What this task involves:
Exactly the lines from the line that has "Justin Kluivert, centre, points" through the final line below are to be retyped, and the pictures are not.
Dataset records section start
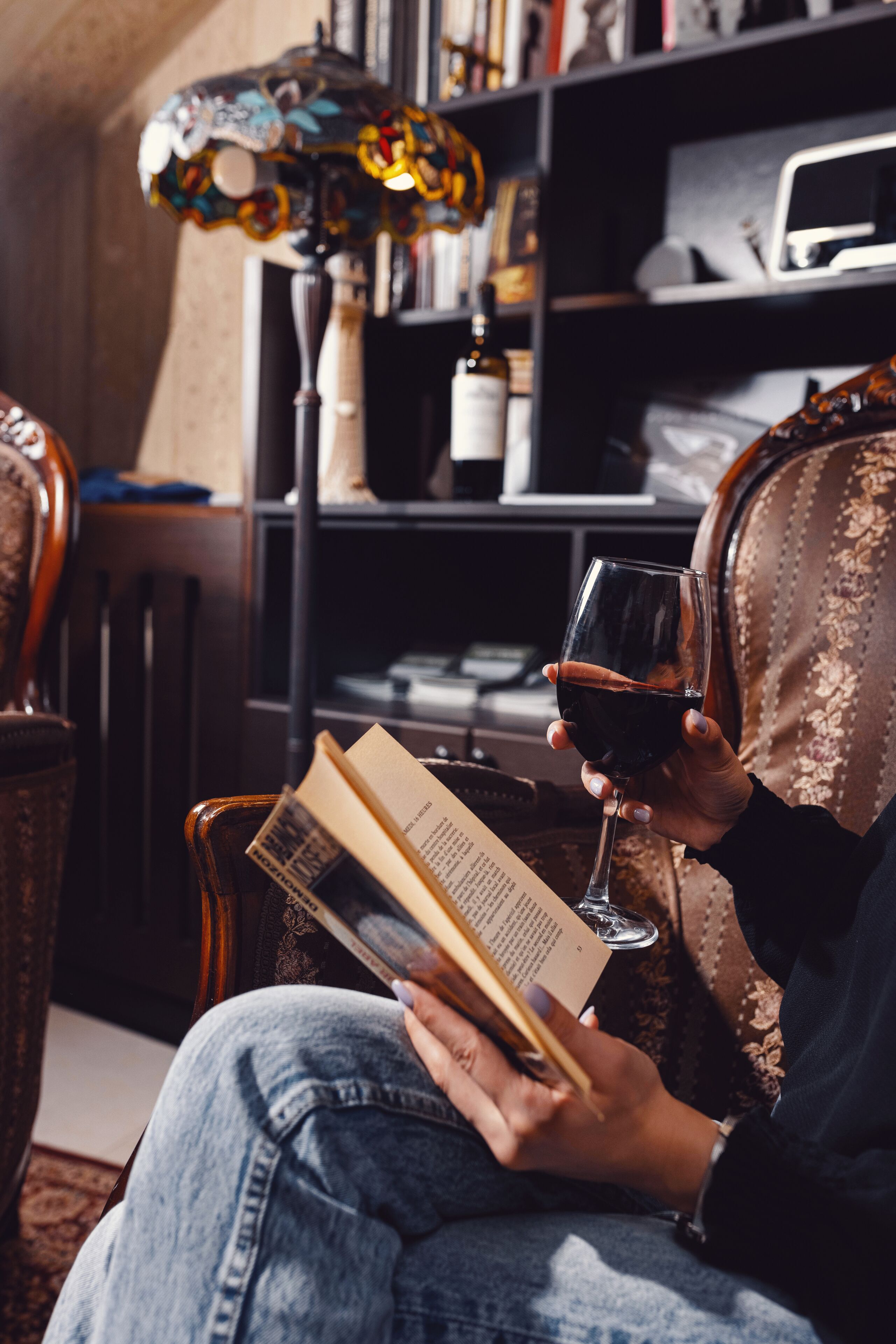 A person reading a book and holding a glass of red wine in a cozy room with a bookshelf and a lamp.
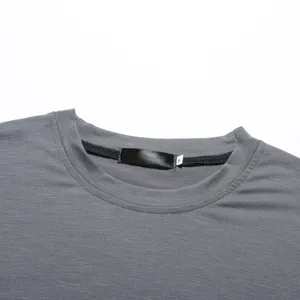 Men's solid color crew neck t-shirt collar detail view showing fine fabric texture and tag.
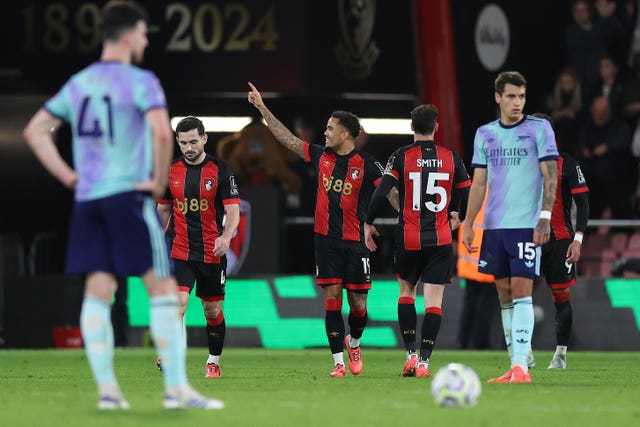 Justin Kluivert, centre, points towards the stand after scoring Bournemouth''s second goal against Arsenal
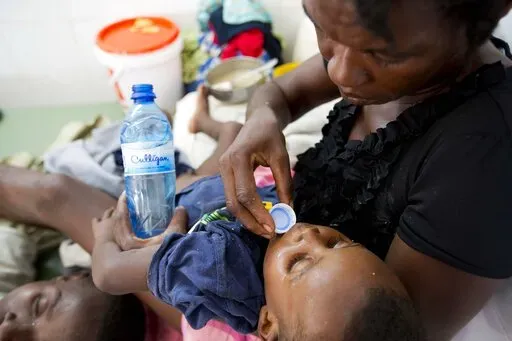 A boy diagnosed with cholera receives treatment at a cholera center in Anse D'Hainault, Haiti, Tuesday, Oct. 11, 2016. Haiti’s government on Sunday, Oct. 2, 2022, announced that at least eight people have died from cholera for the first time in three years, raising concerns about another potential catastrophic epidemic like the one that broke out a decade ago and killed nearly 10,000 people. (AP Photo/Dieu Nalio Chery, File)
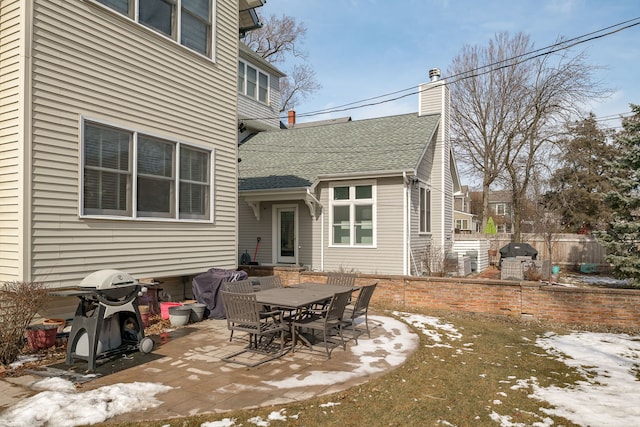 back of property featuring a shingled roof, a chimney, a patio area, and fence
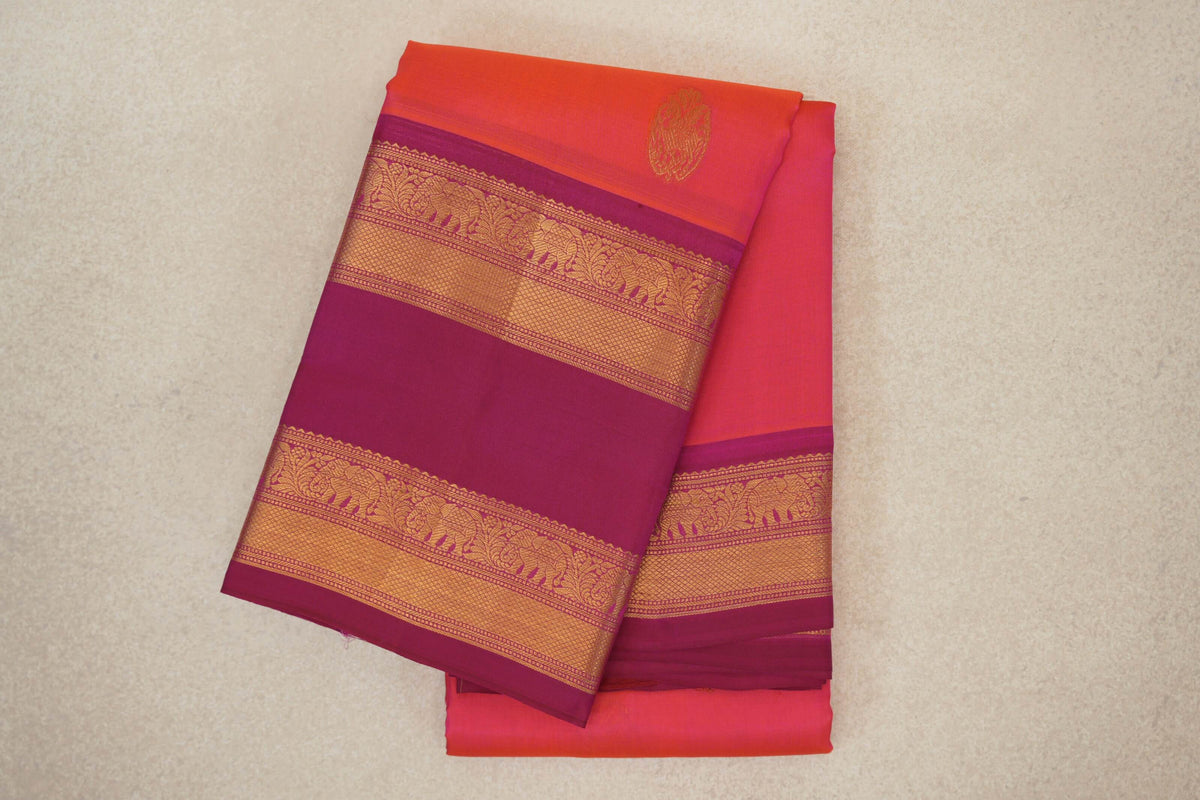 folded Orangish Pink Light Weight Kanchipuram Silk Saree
Dataset records section end
Exercise answer:
 Justin Kluivert, centre, points towards the stand after scoring Bournemouth''s second goal against Arsenal
 A boy diagnosed with cholera receives treatment at a cholera center in Anse D'Hainault, Haiti, Tuesday, Oct. 11, 2016. Haiti’s government on Sunday, Oct. 2, 2022, announced that at least eight people have died from cholera for the first time in three years, raising concerns about another potential catastrophic epidemic like the one that broke out a decade ago and killed nearly 10,000 people. (AP Photo/Dieu Nalio Chery, File)
 back of property featuring a shingled roof, a chimney, a patio area, and fence
 folded Orangish Pink Light Weight Kanchipuram Silk Saree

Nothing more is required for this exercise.